All politics not local

That’s what a columnist for the online publication Nashville Post called national bloggers who have targeted Nashville-area Rep. Jim Cooper (D) for his opposition to a robust public option in the current healthcare debate. It’s a common charge anytime we have the temerity to engage in a local race, whether for local, state or federal office.

You see, money and organizing muscle should not flood into a local race, because it’s up to the locals to handle local affairs — like who will represent them in Congress.

Sounds romantic and ideal, and it would be, if the concept hadn’t been perverted beyond recognition. Let’s look at Cooper, for example. Over his career, since 1989, he has raised $8.5 million.

Of that total, $904,000 has come from the health industry sector, according to an analysis by campaign spending watchdog, second only to the $1.05 million he has raised from the finance, insurance and real estate sector.

And believe it or not, some of that money came from outside his district! New York has contributed over $316,000; $250,000 came from Washington, $160,000 from Chicago, $63,000 from San Francisco and $53,000 from Boston. And that doesn’t include political action committee (PAC) dollars — little of the $1.3 million he’s received from PACs has come from inside his district.

When $11 out of every $100 you raise comes from the health industry, and so much more comes from outside the district, sometimes your constituents get forgotten.

A Research 2000 poll for Daily Kos found that his constituents favored a public option by a 61-28 margin, including 80-11 among Democrats and 64-26 among independents. Even 20 percent of Republicans support it, more bipartisanship than you’ll ever see in D.C. Yet Cooper still refuses to back legislation that includes a robust public option. He has publicly opposed H.R. 3200, the House vehicle for healthcare reform, preferring to support doomed legislation that specifically omits the public option. If he truly supports a public option, he has a funny way of showing it.

So how are grassroots forces in Cooper’s district supposed to fight back? Incumbents already harbor extraordinary electoral advantages. The past two years, despite massive Democratic pickups, incumbent reelection rates in the U.S. House were 94 percent. It was 90 percent during the GOP’s massive gains in 1994. The numbers were 98 percent in 1998, 2000 and 2004. With their high name recognition, franking abilities and ample media opportunities, incumbents generally start far ahead of any potential challengers, even before money comes into the picture. And when threatened, the party establishment and K Street will rescue any beleaguered incumbent, banking on that 90-plus-percent reelection rate. Meanwhile, the political media get the vapors at the mere thought that an incumbent shouldn’t have lifetime tenure to his or her seat.

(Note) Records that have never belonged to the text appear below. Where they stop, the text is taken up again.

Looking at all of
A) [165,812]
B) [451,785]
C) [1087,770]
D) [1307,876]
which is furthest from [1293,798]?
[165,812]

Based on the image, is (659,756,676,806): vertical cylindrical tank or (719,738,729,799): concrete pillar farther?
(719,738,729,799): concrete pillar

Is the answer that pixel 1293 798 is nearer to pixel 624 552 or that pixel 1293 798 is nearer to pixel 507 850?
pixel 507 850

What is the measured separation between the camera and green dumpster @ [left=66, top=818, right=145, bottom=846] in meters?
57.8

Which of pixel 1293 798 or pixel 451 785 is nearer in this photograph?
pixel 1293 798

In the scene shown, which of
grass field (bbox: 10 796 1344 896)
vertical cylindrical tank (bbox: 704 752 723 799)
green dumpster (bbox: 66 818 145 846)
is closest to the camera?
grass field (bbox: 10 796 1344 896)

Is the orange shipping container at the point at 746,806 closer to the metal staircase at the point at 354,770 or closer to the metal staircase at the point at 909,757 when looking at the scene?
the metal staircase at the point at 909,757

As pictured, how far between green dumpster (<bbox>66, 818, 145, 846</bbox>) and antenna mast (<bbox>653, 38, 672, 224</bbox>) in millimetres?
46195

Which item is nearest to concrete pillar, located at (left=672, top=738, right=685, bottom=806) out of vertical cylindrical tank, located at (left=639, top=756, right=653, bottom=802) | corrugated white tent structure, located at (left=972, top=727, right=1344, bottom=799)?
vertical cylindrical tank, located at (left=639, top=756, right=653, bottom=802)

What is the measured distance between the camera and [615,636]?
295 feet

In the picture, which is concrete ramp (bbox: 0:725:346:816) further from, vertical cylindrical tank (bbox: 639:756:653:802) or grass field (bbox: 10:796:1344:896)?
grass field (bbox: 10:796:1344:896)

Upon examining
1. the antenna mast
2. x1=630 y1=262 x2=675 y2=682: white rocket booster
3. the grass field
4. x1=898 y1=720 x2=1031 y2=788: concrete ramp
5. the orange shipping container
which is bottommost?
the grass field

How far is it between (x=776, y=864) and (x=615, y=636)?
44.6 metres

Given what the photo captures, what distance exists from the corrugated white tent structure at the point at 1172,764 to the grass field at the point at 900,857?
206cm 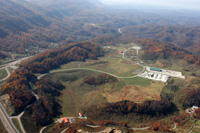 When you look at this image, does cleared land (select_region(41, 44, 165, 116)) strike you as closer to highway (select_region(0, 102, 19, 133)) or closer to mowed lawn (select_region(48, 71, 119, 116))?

Hence that columnist at the Nashville Post, outraged that anyone would seriously challenge the local political big-shot, while our poll of the district found that among voters, only 36 percent would definitely vote to reelect Cooper, compared to 41 percent who would consider someone else and 23 percent who would definitely vote to replace him. In a state with open primaries, those aren’t great numbers, and it speaks to an electorate looking for options. That’s not a bad thing. In fact, that’s democracy.

Assuming a top-tier challenger rises to take on Cooper, national corporatist money would flood to the incumbent. And national grassroots dollars flowing to help a local grassroots candidate would be no less unseemly, helping provide some measure of accountability in a district that hasn’t had a real choice for far too long.